Early in February agency lawyer Charles Haydon drew up a codicil to Wilhelmina’s will. It put two thirds of her shares in Wilhelmina in trust for Jason and Melissa. “If Bruce could have voted their shares, he would’ve had a majority,” Haydon explains. “Willie was concerned about Bruce’s habits. He was shacking up with models all over the country. He put it on their credit card. That’s how she found out. Everyone was concerned about the children. Bruce was completely off the wall.” Haydon’s wife and von Saher were named trustees for the children.
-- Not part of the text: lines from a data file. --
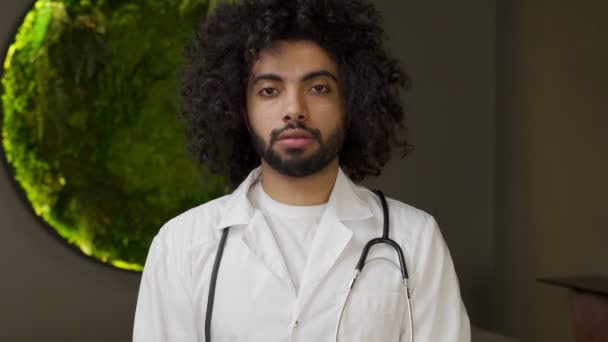 Egyptian doctor with stethoscope on neck looks in camera — Stock Video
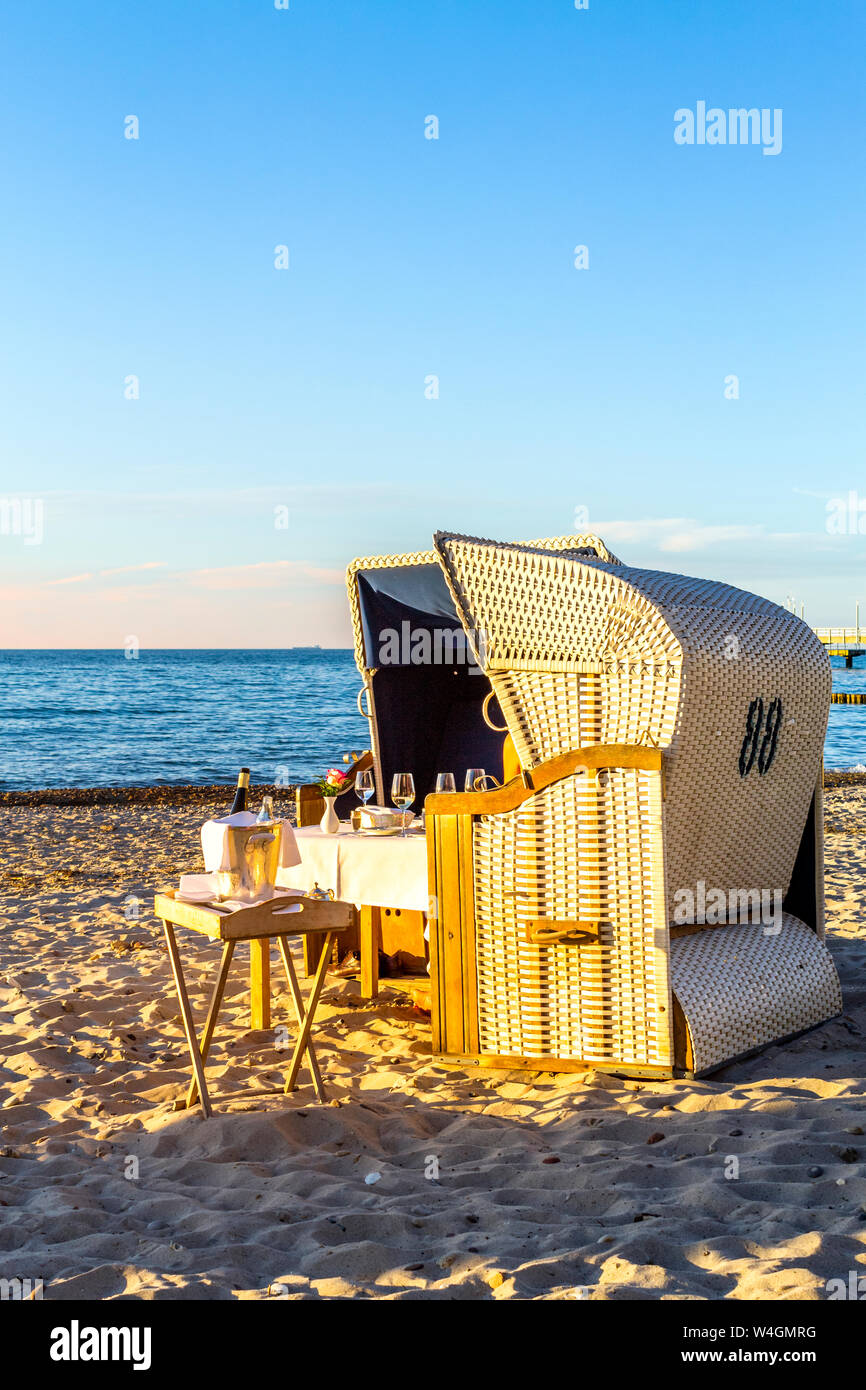 Gedeckter Tisch und mit Kapuze liegen am Strand am Abend, Heiligendamm, Deutschland Stockfoto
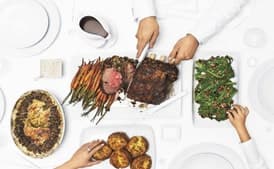 Standing Rib Roast, Spinach-Porcini Stuffing, Irish Whiskey Gravy, and Horseradish Cream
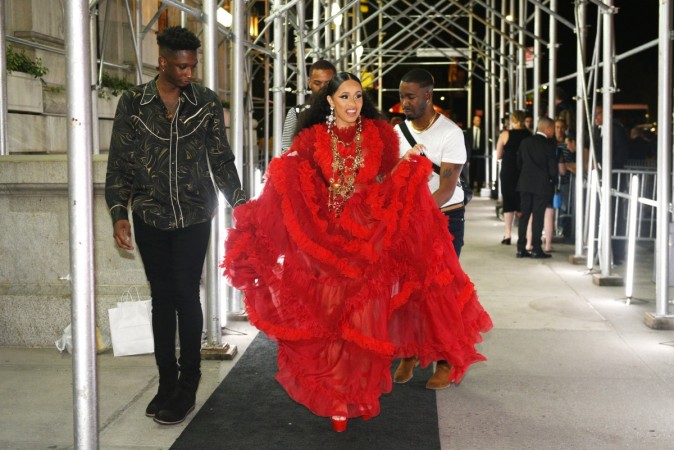 Cardi B pictured here in a red voluminous gown at a New York Fashion Week party. Cardi B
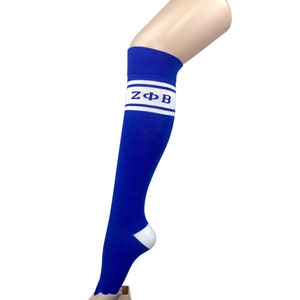 May include: Blue knee-high socks with a white stripe and the letters "ZΦB" in blue.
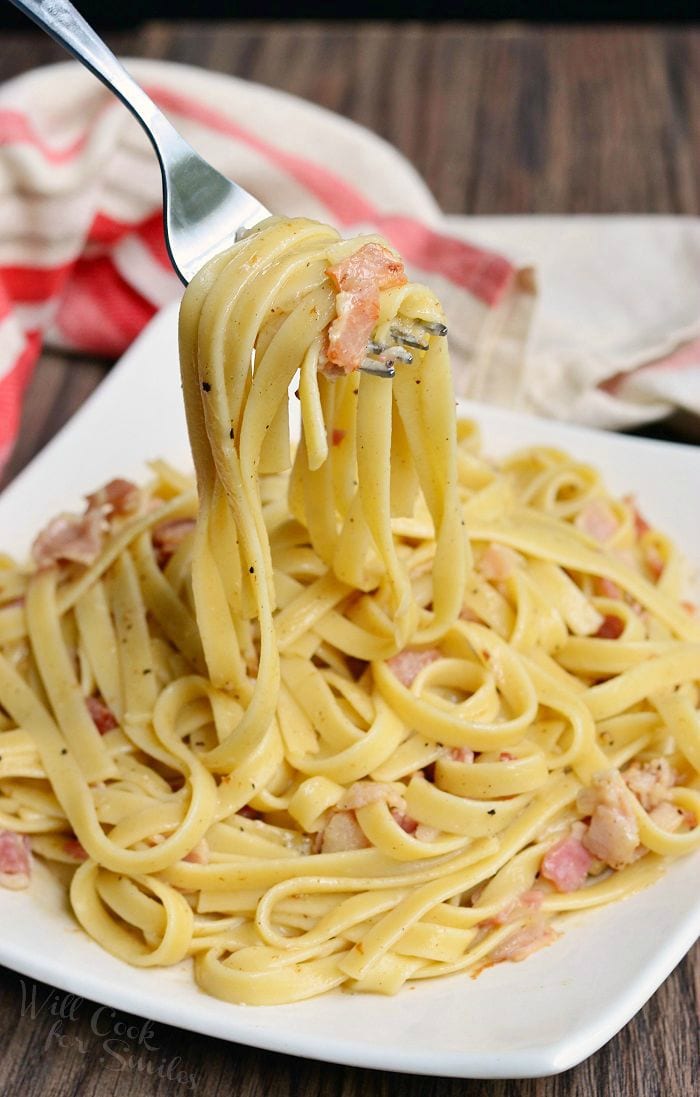 Fettuccine with Bourbon Bacon Sauce on a plate lifting some up with a fork 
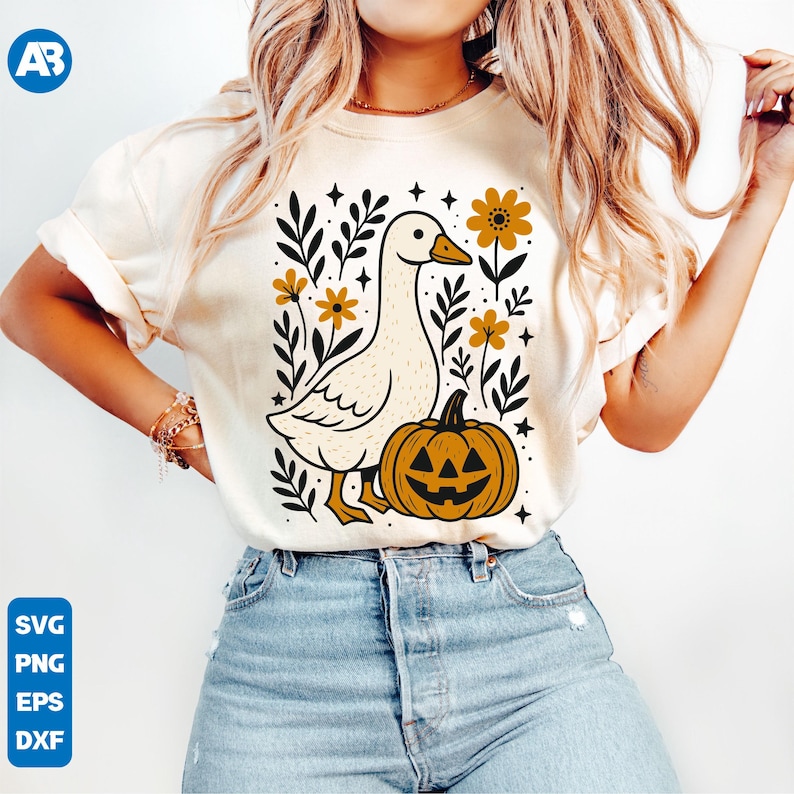May include: Cream-colored t-shirt featuring a whimsical illustration of a goose, a jack-o'-lantern, and floral elements in black and gold. The design includes the text "SVG, PNG, EPS, DXF" in a blue box. A fun, seasonal graphic tee.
Willie died on the morning of March 1, 1980. She was forty years old. Cooper didn’t learn about the change in his wife’s will until after her funeral, when the Cooper family and about two dozen friends went back to Cos Cob. “We were all sitting on a screened porch, and [artist and Wilhelmina investor] Jan de Ruth took a walk with Bruce,” Weinberg says. “When he came back, he was berserk, purple.”
“Fucking cunt!” Cooper screamed. “I can’t believe she did this. Any of you who knew about this, I’ll get you! And if you think I’m going to that memorial service, you’re out of your minds!”
Wilhelmina was buried on a cold, clear morning. That night scores of models attended the memorial service, along with Cooper, who’d been convinced to appear, Norman Mailer, Calvin Klein, Jerry Ford, and John Casablancas. Riverside Chapel was so packed that the crowd overflowed into two adjoining rooms. But even as they remembered Wilhelmina, nobody could forget there was a model war going on. “I heard people were outside, trying to poach models,” says Dan Deely.
In the weeks after Wilhelmina’s death, fear gripped her agency. Cooper would arrive at the offices drunk and cursing. “I was glad Willie wasn’t around to see it,” Rothschild says. He wanted to fire her and Weinberg. “Bruce made a stand to run the company,” Deely says. “We prepared for the worst. If Bruce stayed, the company would be down the tubes within months.”
In July, after months of acrimony, an agreement was signed. Bruce resigned as an officer and director of Wilhelmina and sold his and his children’s shares back to the corporation in exchange for $16,666 a month plus interest for two years. He was also guaranteed a salary of $45,000 a year for two years, $20,000 a year for nine years after that, and full employee benefits, and he was given the right to open Wilhelmina schools outside of a few major urban areas. Dorothy Haydon and von Saher resigned as trustees, and a bank was appointed in their stead. Weinberg and Rothschild took over the agency, and soon afterward Kay Mitchell quit, she says, “because obviously I was not going to be queen of the hop.”
Wilhelmina’s gross estate totaled $830,000. Cooper eventually got his hands on most of it. “The trustees at the bank didn’t do a damn thing,” von Saher says. “I thought I safeguarded the children’s money, but the law at times provides ways of piercing a trust.” With the proceeds of the sale of Jason’s and Melissa’s stock, Cooper bought three condominiums on a hundred acres in Colorado and moved there with the children. “He tried to be a good dad, but he was like a time bomb,” Melissa says.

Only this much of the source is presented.